INPUT DATA ::
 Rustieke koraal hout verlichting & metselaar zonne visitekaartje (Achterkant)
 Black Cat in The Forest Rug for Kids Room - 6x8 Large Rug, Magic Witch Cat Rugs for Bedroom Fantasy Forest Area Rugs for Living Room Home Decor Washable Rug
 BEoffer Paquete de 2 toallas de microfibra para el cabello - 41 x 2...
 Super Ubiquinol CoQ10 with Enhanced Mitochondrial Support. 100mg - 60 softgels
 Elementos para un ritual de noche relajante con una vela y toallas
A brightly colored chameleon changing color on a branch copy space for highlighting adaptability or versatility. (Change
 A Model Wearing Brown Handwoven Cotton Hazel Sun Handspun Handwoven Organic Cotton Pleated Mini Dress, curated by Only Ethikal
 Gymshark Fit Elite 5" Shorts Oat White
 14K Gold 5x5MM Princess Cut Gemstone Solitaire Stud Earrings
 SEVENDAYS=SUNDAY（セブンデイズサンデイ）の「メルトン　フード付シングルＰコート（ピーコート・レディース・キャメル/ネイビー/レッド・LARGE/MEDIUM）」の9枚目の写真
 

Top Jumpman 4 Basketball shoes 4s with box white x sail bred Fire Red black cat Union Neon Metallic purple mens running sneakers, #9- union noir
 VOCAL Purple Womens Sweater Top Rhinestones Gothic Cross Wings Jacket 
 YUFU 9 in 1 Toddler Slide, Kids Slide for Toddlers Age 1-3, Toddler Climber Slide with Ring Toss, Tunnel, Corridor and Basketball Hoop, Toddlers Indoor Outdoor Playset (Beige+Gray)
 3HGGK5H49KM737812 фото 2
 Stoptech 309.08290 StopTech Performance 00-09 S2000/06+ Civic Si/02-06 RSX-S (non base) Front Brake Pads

DESCRIPTION OF THE TASK ::
In the data above, find the line that contains "SEVENDAYS=SUND", then reproduce exactly every line from the first line through that line.

EXERCISE RESPONSE ::
 Rustieke koraal hout verlichting & metselaar zonne visitekaartje (Achterkant)
 Black Cat in The Forest Rug for Kids Room - 6x8 Large Rug, Magic Witch Cat Rugs for Bedroom Fantasy Forest Area Rugs for Living Room Home Decor Washable Rug
 BEoffer Paquete de 2 toallas de microfibra para el cabello - 41 x 2...
 Super Ubiquinol CoQ10 with Enhanced Mitochondrial Support. 100mg - 60 softgels
 Elementos para un ritual de noche relajante con una vela y toallas
A brightly colored chameleon changing color on a branch copy space for highlighting adaptability or versatility. (Change
 A Model Wearing Brown Handwoven Cotton Hazel Sun Handspun Handwoven Organic Cotton Pleated Mini Dress, curated by Only Ethikal
 Gymshark Fit Elite 5" Shorts Oat White
 14K Gold 5x5MM Princess Cut Gemstone Solitaire Stud Earrings
 SEVENDAYS=SUNDAY（セブンデイズサンデイ）の「メルトン　フード付シングルＰコート（ピーコート・レディース・キャメル/ネイビー/レッド・LARGE/MEDIUM）」の9枚目の写真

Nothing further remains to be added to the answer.